There’s a frequent misconception that assumes that a large language model will never achieve superhuman text creation ability because such models try to create texts that are maximally unsurprising. This article will explain why that assumption is wrong.

In 1906, Sir Francis Galton conducted an experiment at a fair, where he asked fair-goers to guess the weight of an ox in a weight-judging competition. The median of 787 guesses was 1,207 pounds, while the actual weight of the ox was 1,198 pounds. The error in making guesses was a result of a combination of systematic bias and random noise. The fair-goers, having knowledge of oxen, had no bias in their guesses, thus the error was entirely due to random noise. By polling the 787 guesses, Galton averaged out the random noise of each individual guess.

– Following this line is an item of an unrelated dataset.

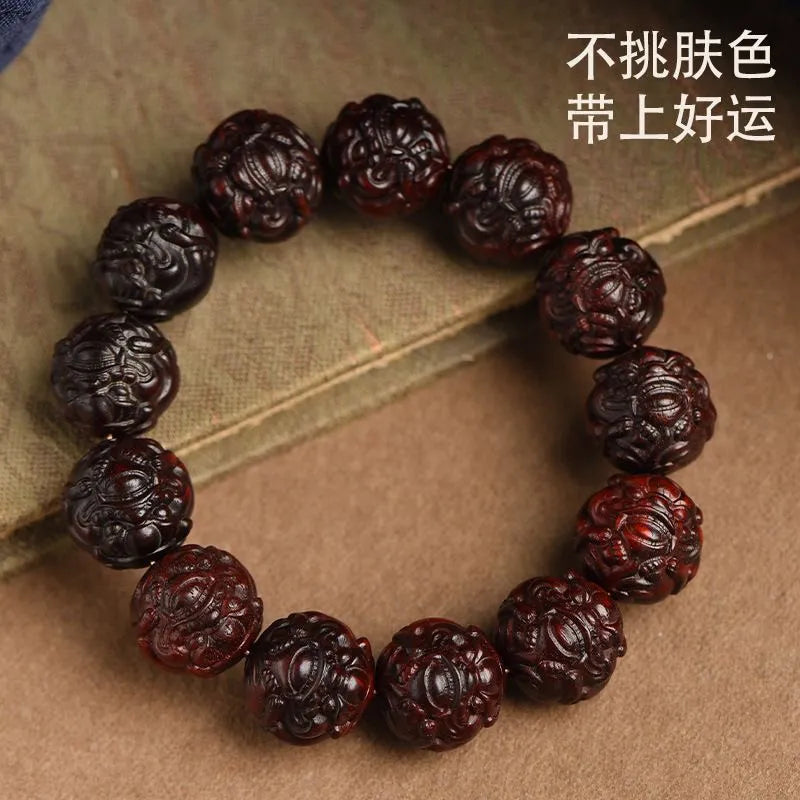 Authentic Collection of Small Leaf Red Sandalwood Pixiu Bracelets and Hand Chains, with Fortune-Telling Carvings, Suitable for Men and Women, as Cultural Playthings, Buddhist Beads, Symbols of Good Luck, Ideal for Gift-Giving and Hand-Playing.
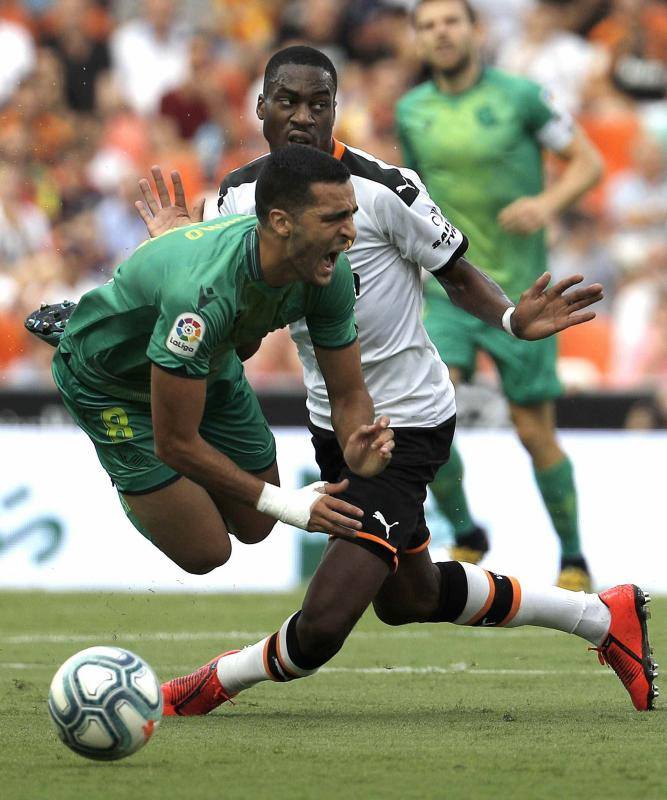 El equipo donostiarra le ha hecho el pasillo de honor al Valencia CF en Mestalla por la conquista de la Copa del Rey de 2019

This phenomenon was coined wisdom of the crowd. In areas where reasoning errors are mostly random noise, crowds are smarter than individual members of the crowd. By training on large data sets, large language models can access the wisdom of the crowd. The ceiling of the ability of a large language model is the wisdom of the crowd instead of the wisdom of individual members of the crowd.

The fact that each word of a text is massively unsurprising based on preceding words in the text does not imply that the text overall would be massively unsurprising. If you have a text you can calculate for every word in the text the likelihood (Ltext) how likely it would follow the preceding words in the text. You can also calculate the likelihood (Lideal) of the most likely word that would follow the preceding text.

Lideal—Ltext is noise. If you look at a given text you can calculate the average of the noise for each word. A well-trained large language model is able to produce texts with a lot less noise than the average of the text in its training corpus.

For further reading, Kahneman wrote Noise: A Flaw in Human Judgment which goes into more detail on how a machine learning model can eliminate noise and thus make better decisions than the average of its training data.